OdpowiedzUsuńjadłabym :) tak domowo wygląda:)
OdpowiedzUsuńmyslałam ostatnio o czymś podobnym, ale przerażał mnie czas pieczenia i oczekiwania ;) a tu u Ciebie, że wcale nie jest on długi... hmm chyba się muszę skusić :D
OdpowiedzUsuńBardzo ciekawe są te twoje małe wypieki:)
OdpowiedzUsuńZastanawiam się tylko czy trzeba mieszać ser z płatkami owsianymi czy można tak po prostu go dodać bez mieszania?

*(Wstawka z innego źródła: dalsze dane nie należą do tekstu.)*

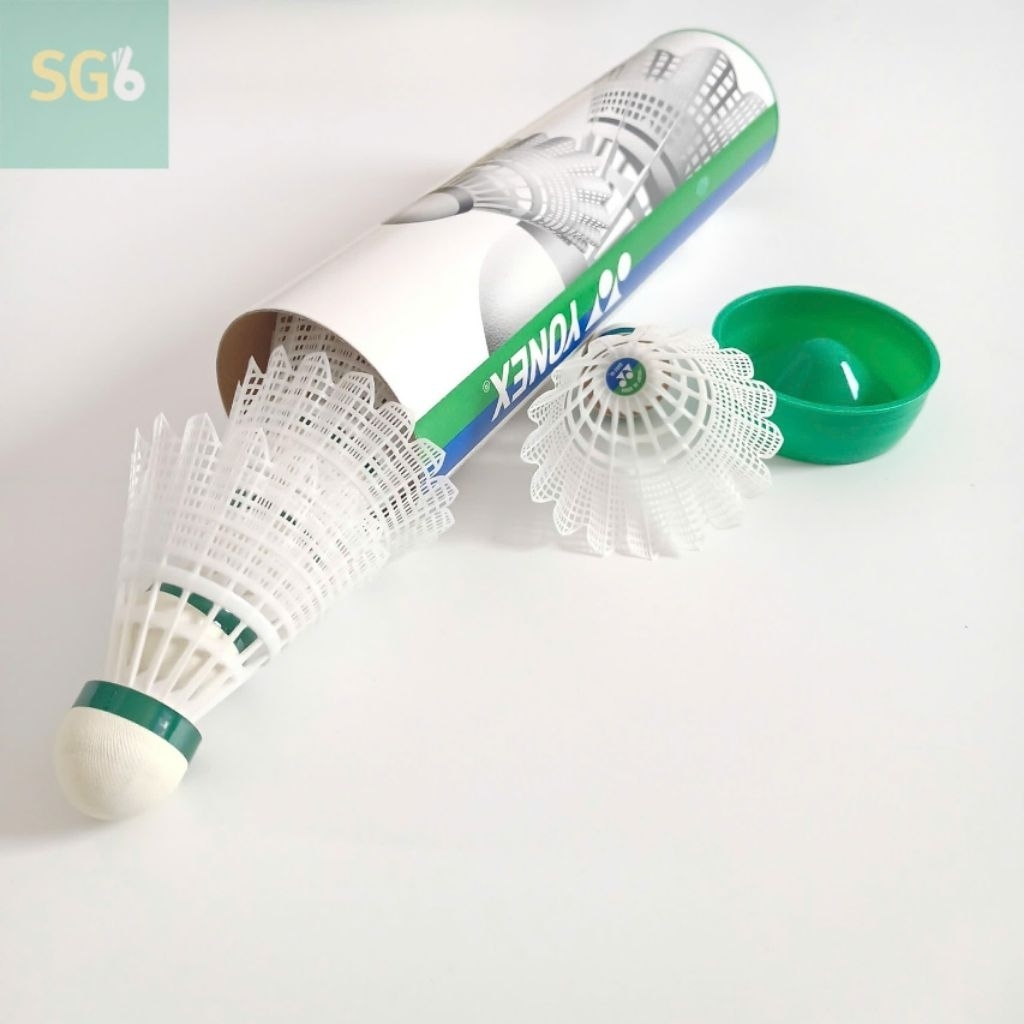สะพานพลาสติก YONEX MAVIS 2000 หลอด 6 ลูก [GENUINE]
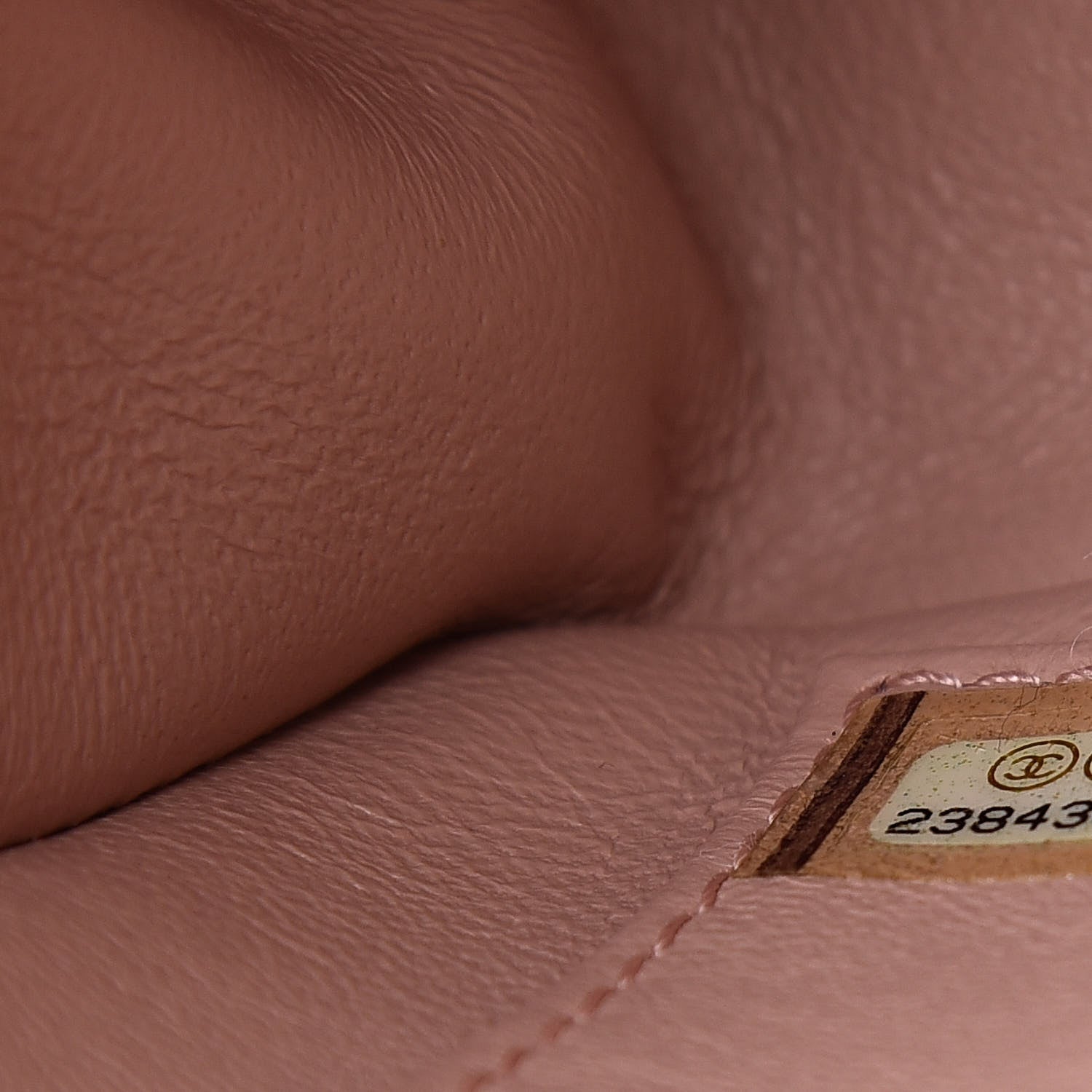Chanel Caviar Quilted Medium CC Filigree Flap Beige 7 of 12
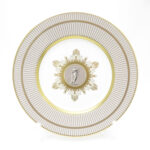 ウェッジウッド アンセミオン グレイ 中皿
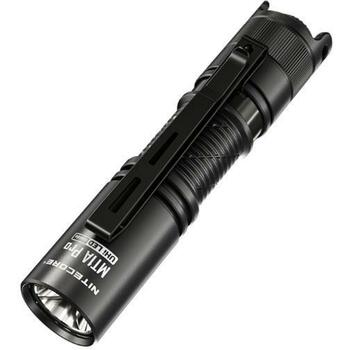 Nitecore Rokas lukturis MT1A PRO, 800 lm, 1 LED, 1100 mAh, IP68, ūdensizturīgs līdz 2 m, triecienizturīgs līdz 2 m, USB (MT1A PRO)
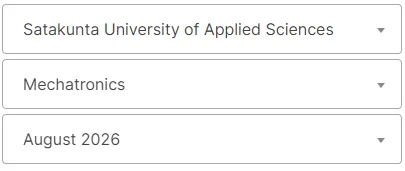 2026芬兰应用科学大学本科预科招生（12月02日版本）
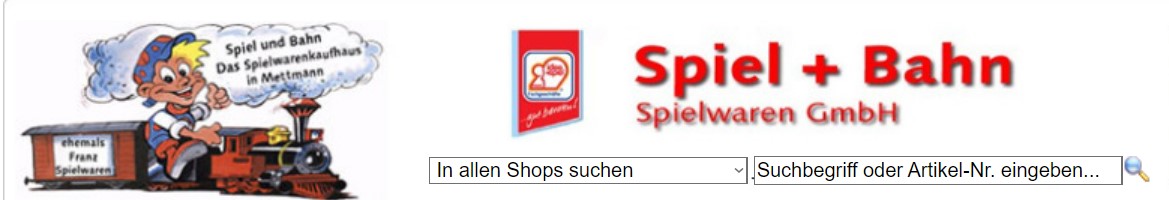 Spiel+Bahn Spielwaren GmbH – Mettmann 40822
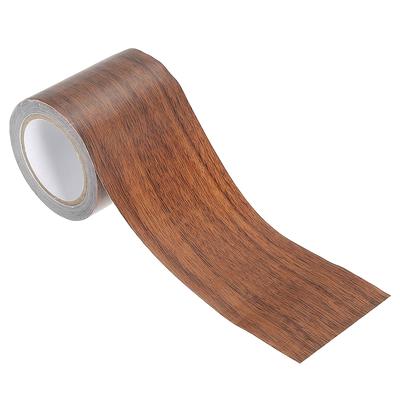 Wood Grain Repair Tape 2.2X15', Self Adhesive Realistic Patch, Dark Brown  Oak - Dark Brown Oak - Yahoo Shopping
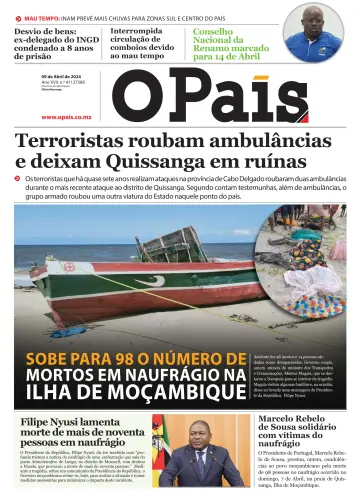 O País - 09 四月 2024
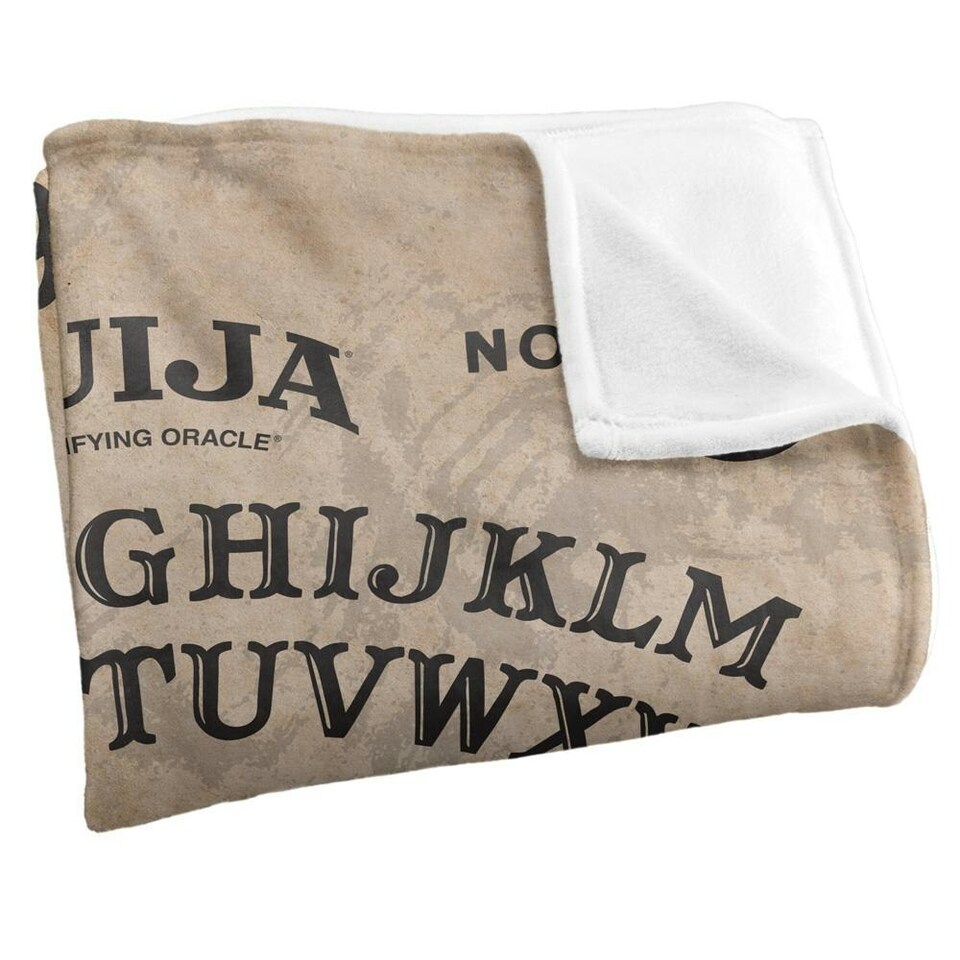 image 1 of Hasbro Ouija Board Blanket - Multicoloured - One Size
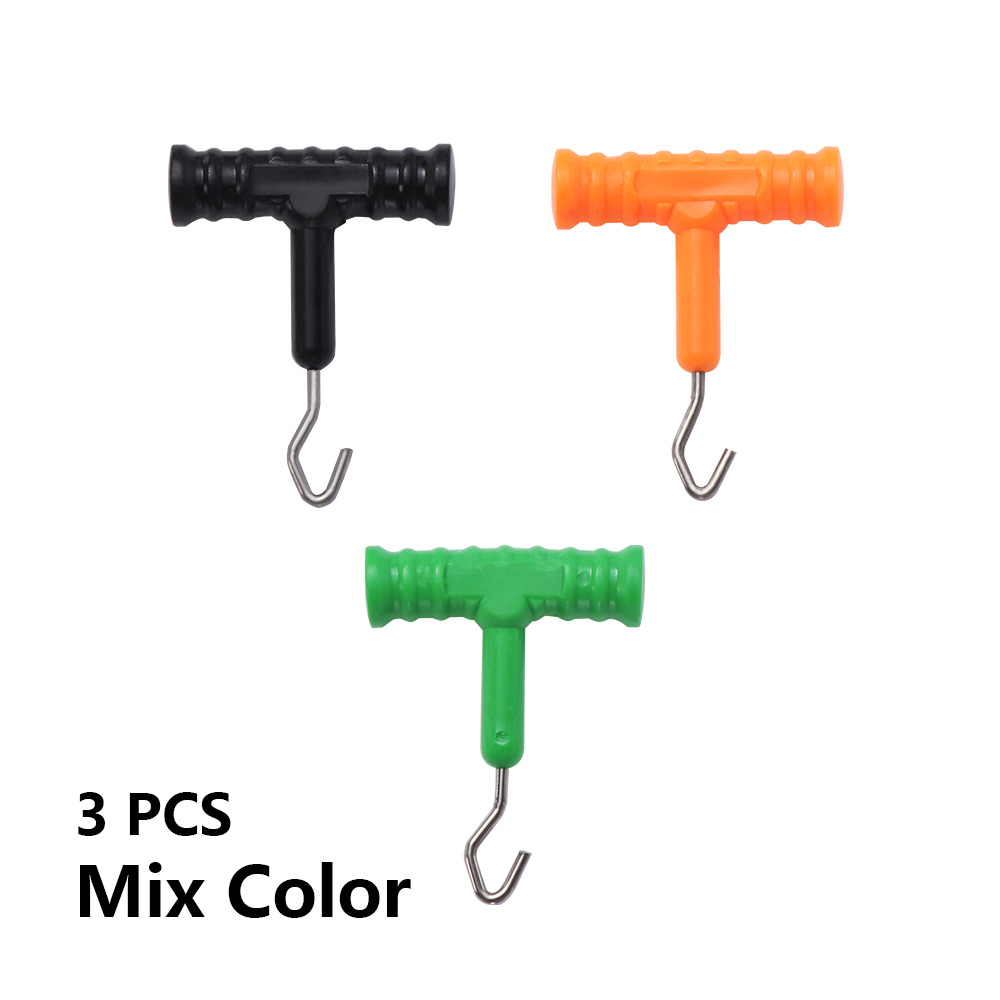 3PCS ABS Grip+Stainless Steel  - مراجعة Fishing Hook Stainless Steel وسعره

Zmieszaj go, inaczej raczej nie będzie to dobre :P
Usuńbaw sie dobrze:)))))))))))
OdpowiedzUsuńwow ale pysznosci!!!!!!!!!!!!!!!!!!!!
Zazdroszczę Ci szklarskiej :)
OdpowiedzUsuńOwsiany sernik mówisz? Ach, musi być pyszne :)
Znów? No to świetnie :)
OdpowiedzUsuńpodam adres i weź wyśliiij *.*
OdpowiedzUsuńzapraszam na moje pierwsze rozdanie! www.cookplease.blogspot.com
czy można dać zwykły twarożek, np. president albo grani?